While the fact that Atlanta was planning to utilize Griffey in a left-field platoon might have played to his strengths, some Braves wondered whether the veteran outfielder would be given the chance to produce clutch hits in the late innings, when opposing teams likely would have chosen to oppose him with left-handed relievers.

Griffey seemingly had a positive meeting with Wren and Braves manager Bobby Cox at Disney's Wide World of Sports complex on Monday. At various times since then, there was reason to believe Griffey was going to end up in Atlanta.

But just when it appeared he might be nearing an agreement on Tuesday afternoon, Griffey and his agent, Brian Goldberg, ended regular dialogue with Wren.

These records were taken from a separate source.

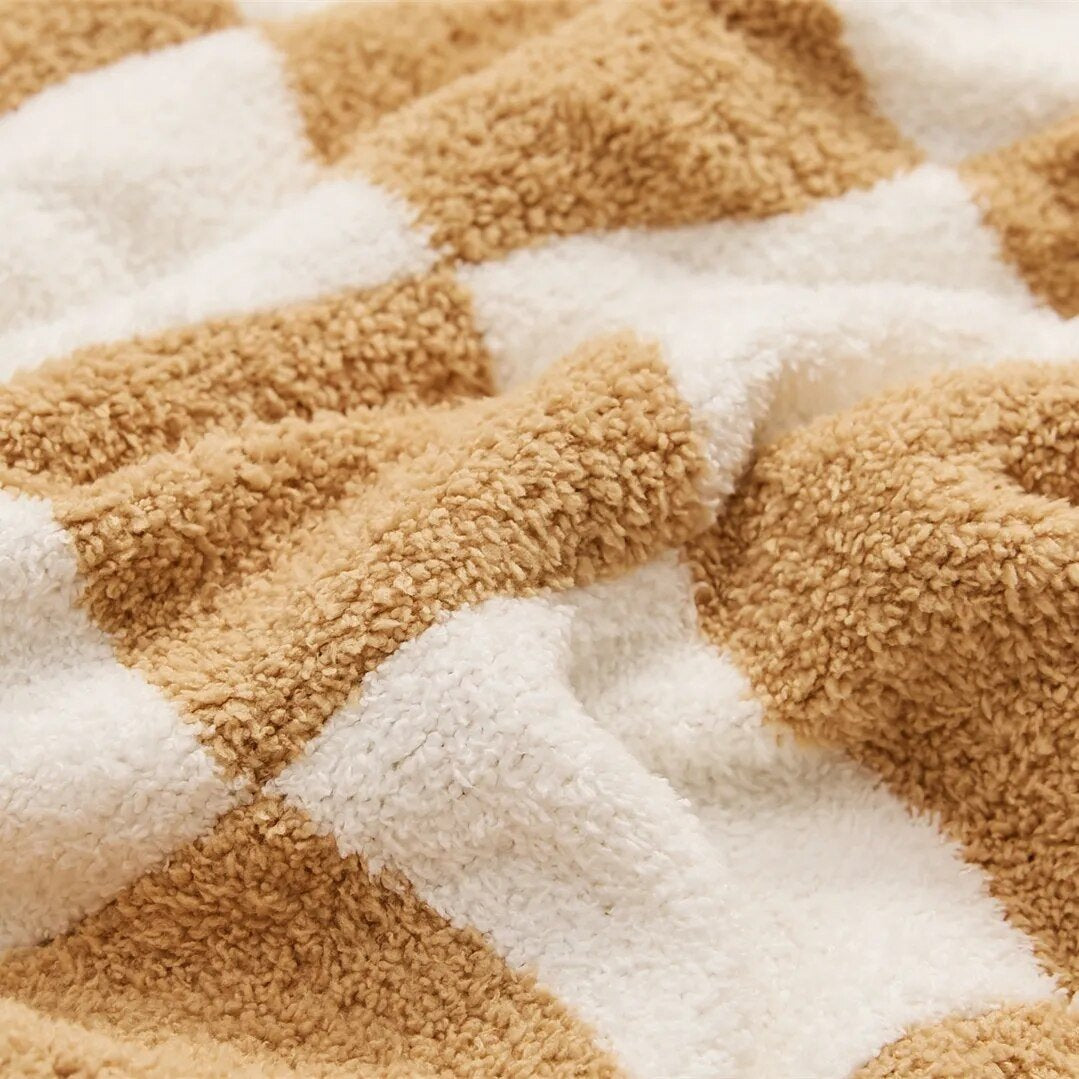 Knitted teddy throw with a checkerboard pattern over an armchair - view 2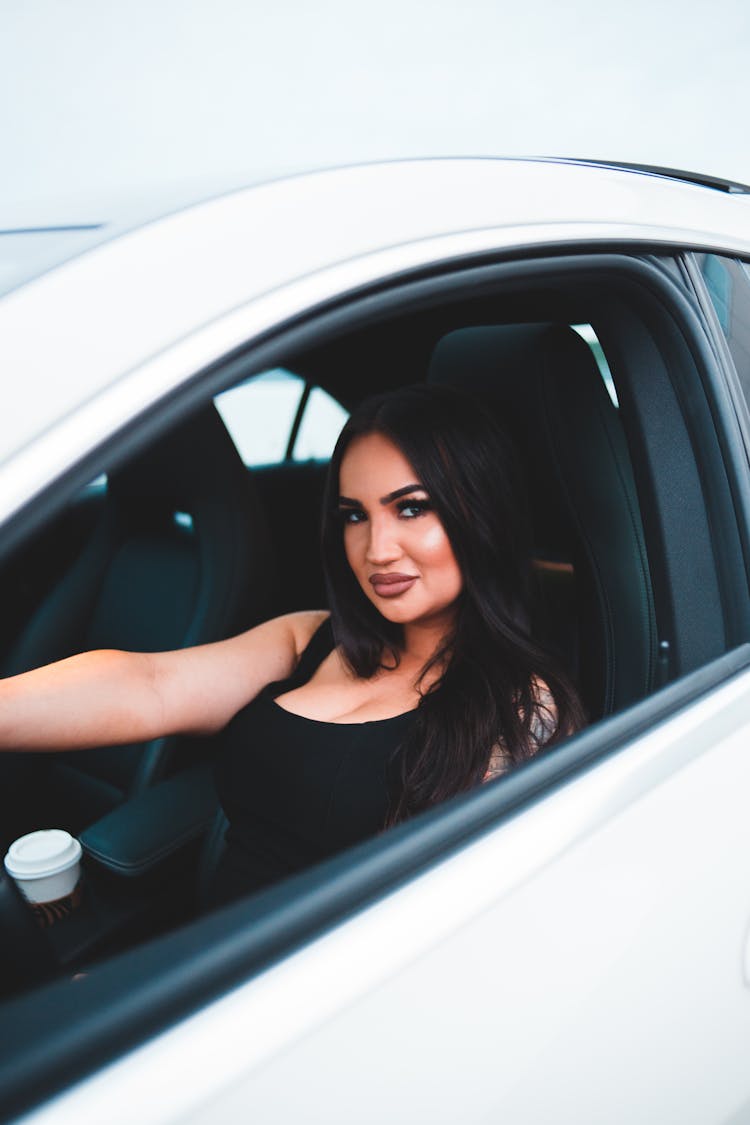 Charming Woman With Bright Makeup Driving Car In Daytime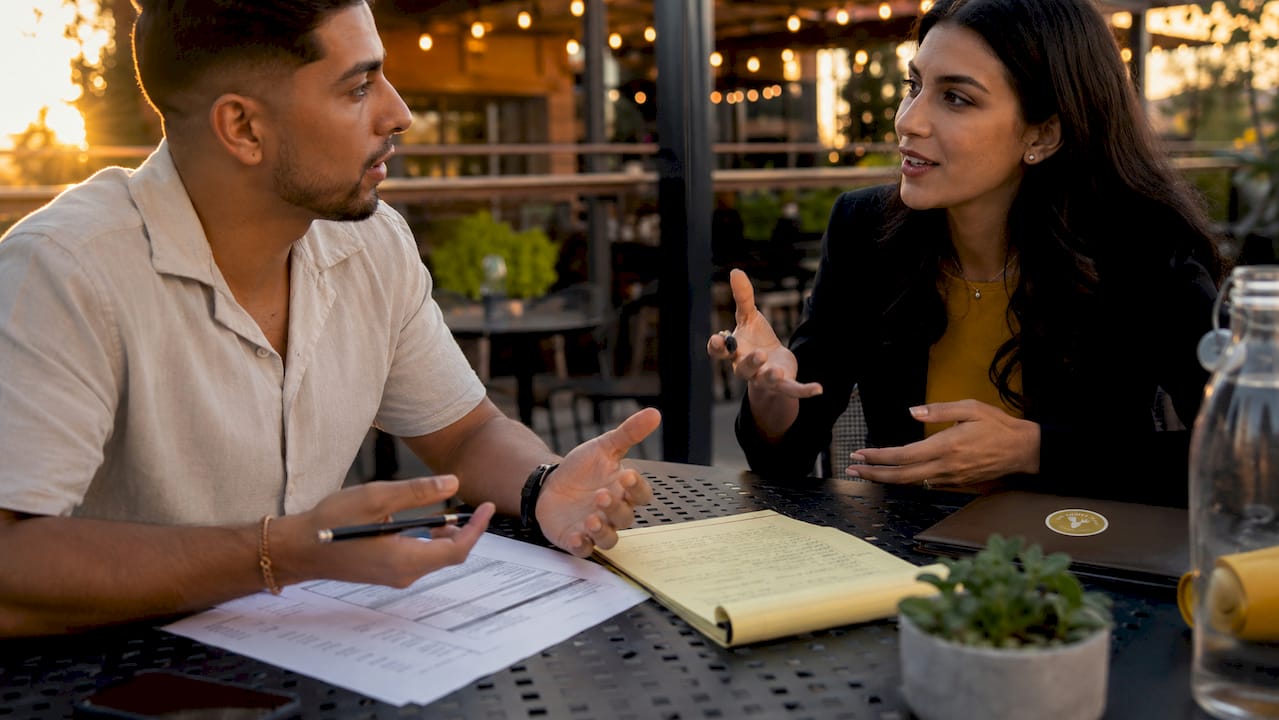 Hands reviewing Arizona closing cost papers in café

"I think we all thought we had a chance to get him," Wren said. "But he never indicated that he had made a decision."

Sources have indicated that Griffey's tide turned shortly after he became upset with the fact that The Atlanta Journal-Constitution was reporting that he'd already decided to play for the Braves.

But Wren said the fact that the silence came after this report was published was purely coincidental. Griffey's decision was based on the lifetime opportunities that Seattle will provide him.

There has been some indication that the Mariners ultimately lured him to Seattle with the offer of a lifetime personal services contract. In other words, he'll have the opportunity to remain on the Mariners' payroll in the same manner that Hank Aaron has remained on the Braves' payroll throughout his post-retirement days.

Before the Mariners began enhancing their offer, it seemed the geographic advantages provided by Atlanta might outweigh the nostalgic benefits of returning to Seattle, where Griffey began his Major League career 20 years ago and spent the first 11 seasons of his storied career.

Griffey's Orlando, Fla.,-area home is located 20 minutes from where the Braves stage Spring Training and just a one-hour flight from Atlanta. While in Seattle, he's a six-hour flight away from his family.

With Griffey's decision to sign with the Mariners, Wren seems intent to give one of his younger outfielders -- Brandon Jones, Jordan Schafer, Gregor Blanco or Josh Anderson -- a chance to platoon in left field with Diaz.

Among these young outfielders, Schafer and Jones undoubtedly possess the most power potential.

Because Schafer missed 50 games while serving a suspension last year, the Braves might be hesitant to start him in the Majors. That being said, the 22-year-old slugger has been one of the most impressive players during the early days of camp.

"Jordan Schafer is on a mission," Jones said. "He's the most focused guy in camp and he's certainly capable of doing things."

Wren will also continue to look for options on the trade market. There doesn't appear to be much interest in Garret Anderson or any of the other available outfielders on the free-agent market.

"We're happy to give the kids a chance," Wren said. "[Griffey] was just an option that we explored after he reached out and showed interest in us."